» **SUPPLIED RECORDS**:
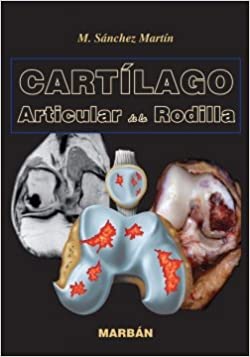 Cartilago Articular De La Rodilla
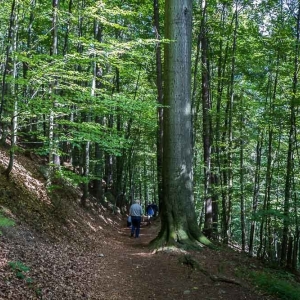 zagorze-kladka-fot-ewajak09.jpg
==
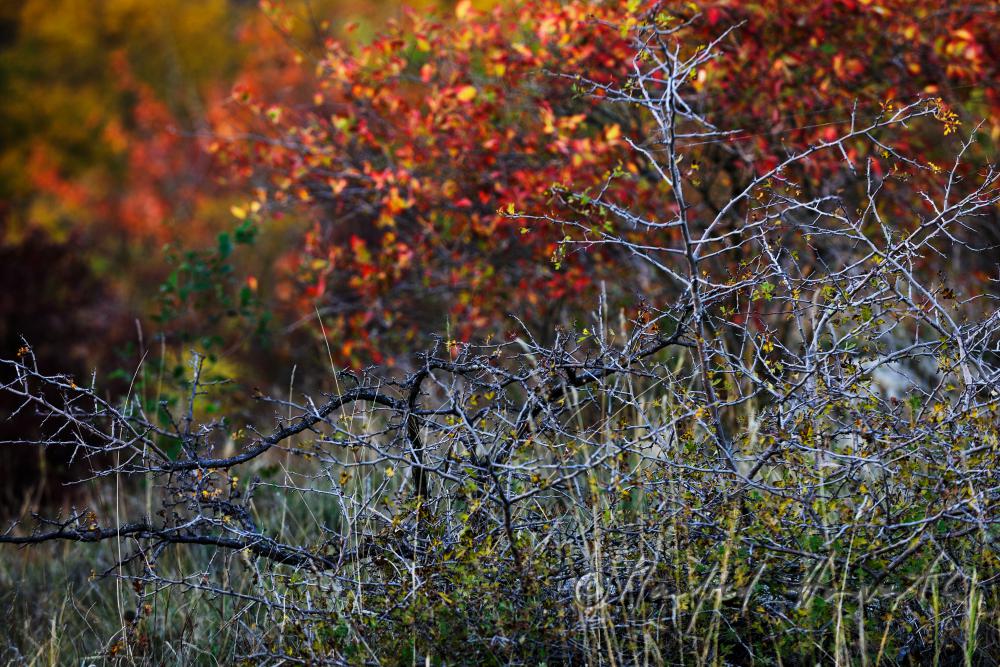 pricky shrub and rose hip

» **HOW TO COMPLETE THIS TASK**: The answer is the lines above from the one with "Cartilago Articular De La Rodilla" to the one with "zagorze-kladka-fot-ewajak09.jpg", set down exactly, with no pictures.

» **TASK OUTPUT**:
 Cartilago Articular De La Rodilla
 zagorze-kladka-fot-ewajak09.jpg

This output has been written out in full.